_Exercise aim_
Please restate exactly the lines from the one holding "slika 3 Mercedes-Benz" to the end of the material, including both ends and excluding every picture.

*** Data segment ***

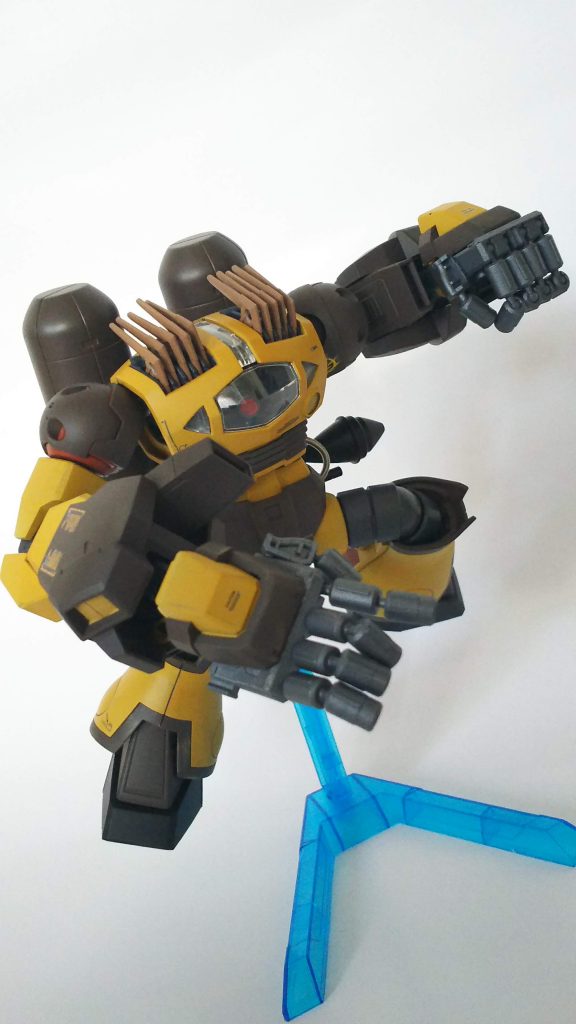 デカい腕でぶん殴ったり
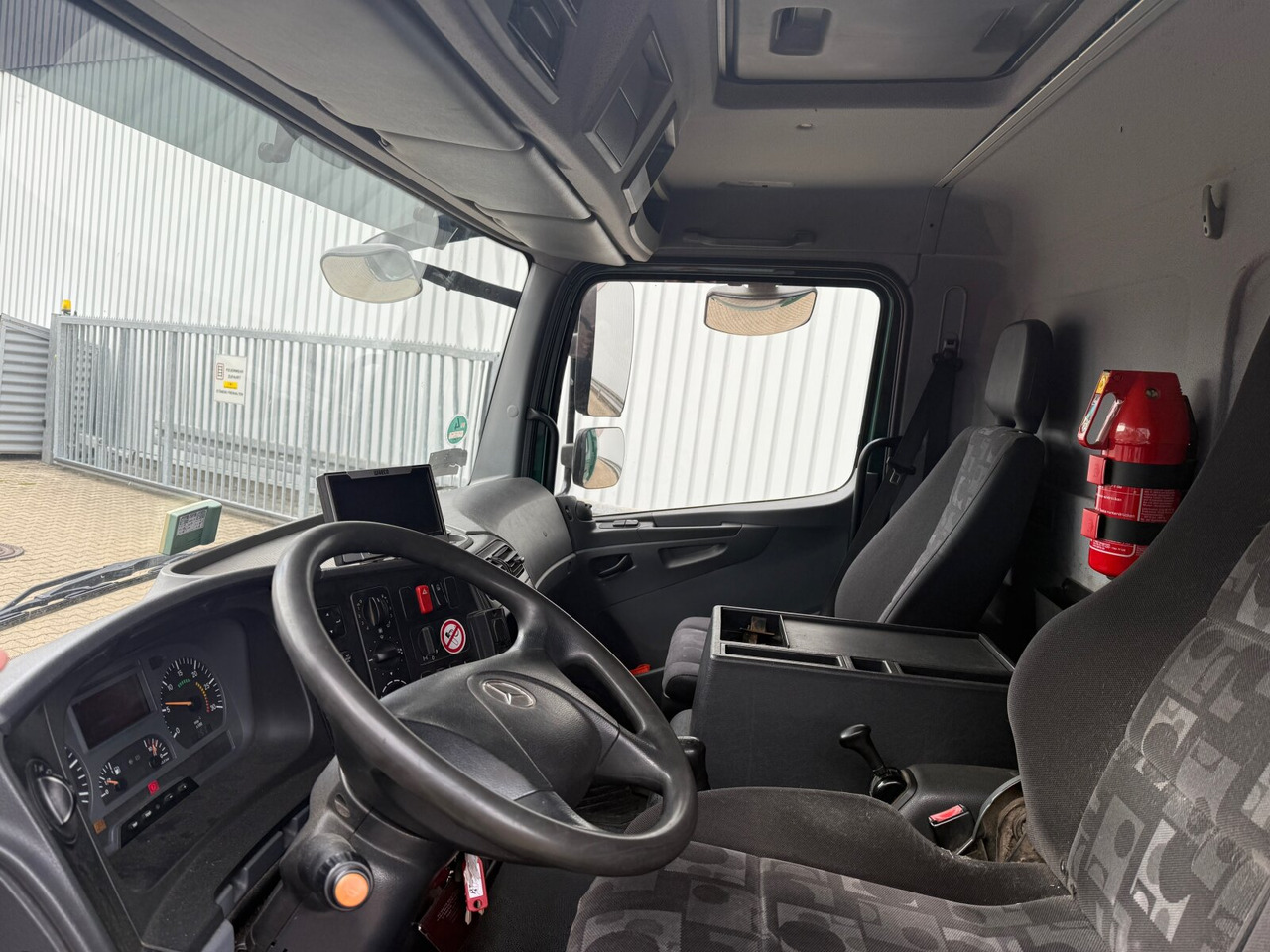 Mercedes-Benz Atego 818 L 4x2 Atego 818 L 4x2, Getränkekoffer, 2x AHK - Kamion sa zatvorenim sandukom: slika 3 Mercedes-Benz Atego 818 L 4x2 Atego 818 L 4x2, Getränkekoffer, 2x AHK - Kamion sa zatvorenim sandukom: slika 3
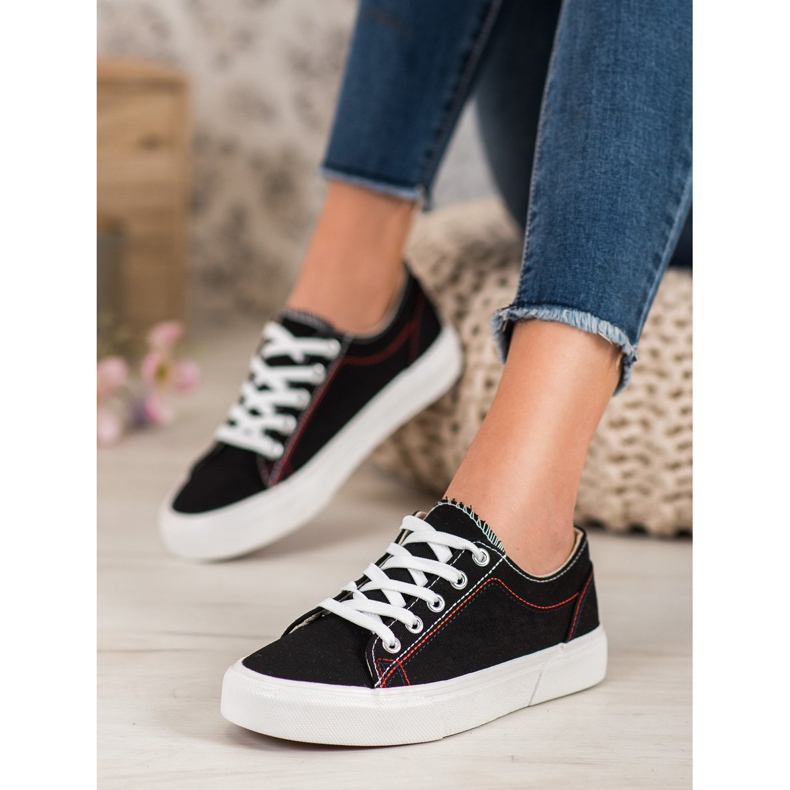 Kylie Tênis preto 2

*** End of Data segment ***

_Response below_
 Mercedes-Benz Atego 818 L 4x2 Atego 818 L 4x2, Getränkekoffer, 2x AHK - Kamion sa zatvorenim sandukom: slika 3 Mercedes-Benz Atego 818 L 4x2 Atego 818 L 4x2, Getränkekoffer, 2x AHK - Kamion sa zatvorenim sandukom: slika 3
 Kylie Tênis preto 2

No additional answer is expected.